How to TPCasTT a Poem. Don’t sell yourself
short by thinking that a poem is beyond you. The poet had a message, so use the acronym
for “Title, Paraphrase, Connotation, Attitude, Shifts, Title, and Theme” to guide you as
you figure it out. You will need Poem Gut reaction and analytical skills. Step 1. Determine
what you understand of the poem’s title without referring to the actual poem. Don’t intellectualize
it, either — make a wild guess at first. Step 2. Paraphrase the poem, finding a way
to simplify and relate to what’s going on. Rely on your gut instinct and your own words.
Step 3. Consider the connotation of the poem, studying the poet’s deeper intentions through
symbolism, allusions, imagery, metaphors, and more. Poets use words like conductors
use music — to lead the reader to feel and think a certain way. Investigate like a detective,
logically figuring out the author’s intent. Step 4. Observe the poem’s speaker’s attitude
and intent through the poem. Like anyone convincing you of their viewpoint, poets will intentionally
influence with a tone — at times friendly, conspiratorial, or adversarial. Step 5. Pay
attention to shifts in the speaker’s tone or new directions and cadences signaled by
punctuation, transitions, stanza length, or even structural changes often meant to draw
your attention. Ask yourself what these might mean. Step 6. Turn to the title again, this
time re-evaluating your first impression in light of the new information you have gleaned.
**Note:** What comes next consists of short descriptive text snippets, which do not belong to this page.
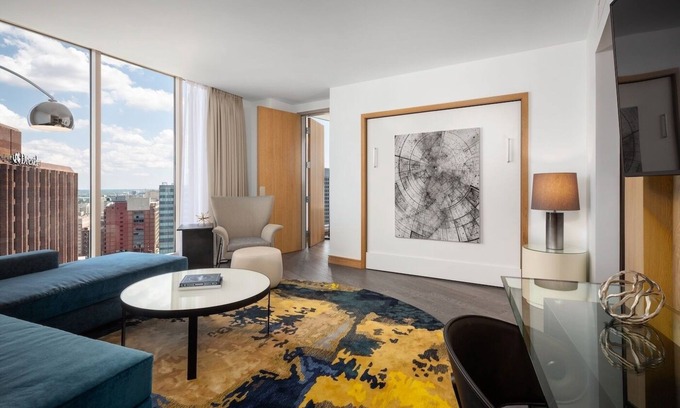 Logan Square Hotel | Contemporary Suite with Kitchen and City Views | Swimming Pool | Pet-Friendly
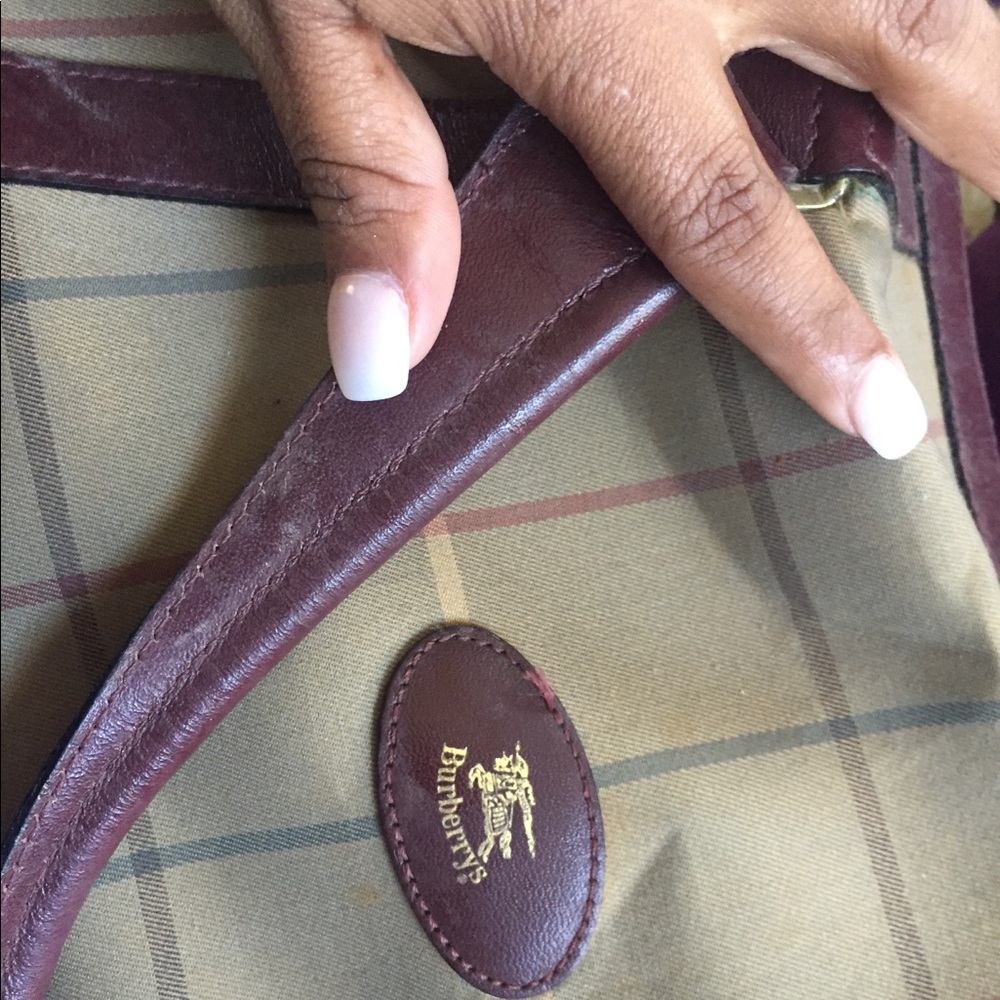 Burberry - Picture 8 of 8
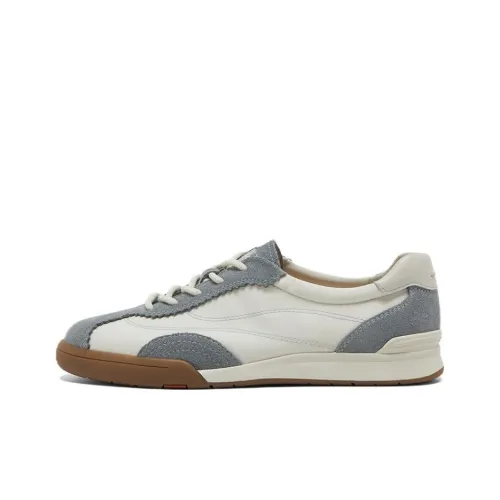 BATA Low Top Skateboard Shoes Women's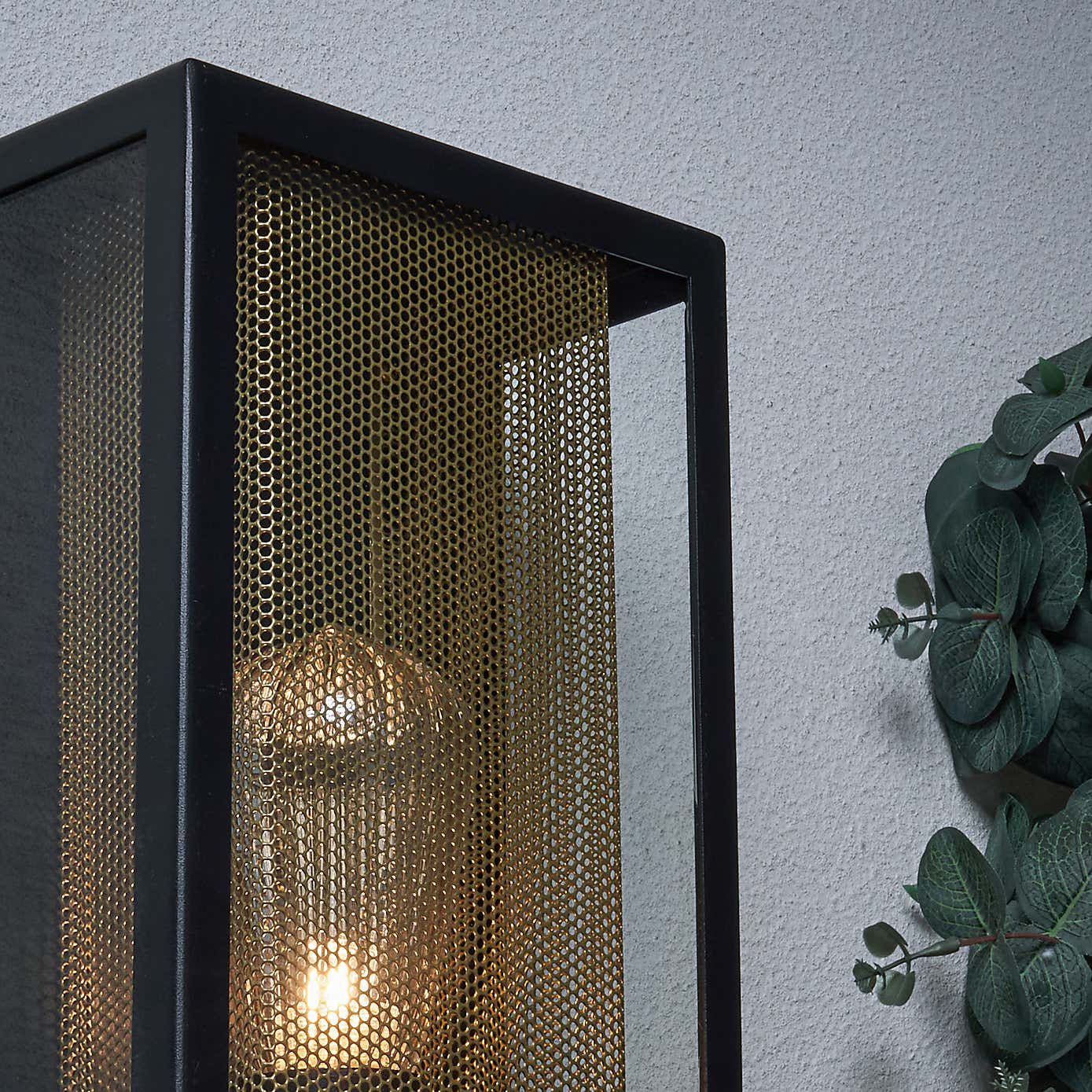 Carousel zoom image position 2 of 3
Keep in mind that most great poems are not jotted down in one impressionistic draft,
but revised many times over months of work. Step 7. Identify the theme and how it relates
to the poem or what it says about the human condition rather than just what it subjectively
means to you. Did you know J. D. Salinger’s title Raise High the Roofbeam, Carpenters
is a reference to a poem fragment by the ancient Greek poet Sappho.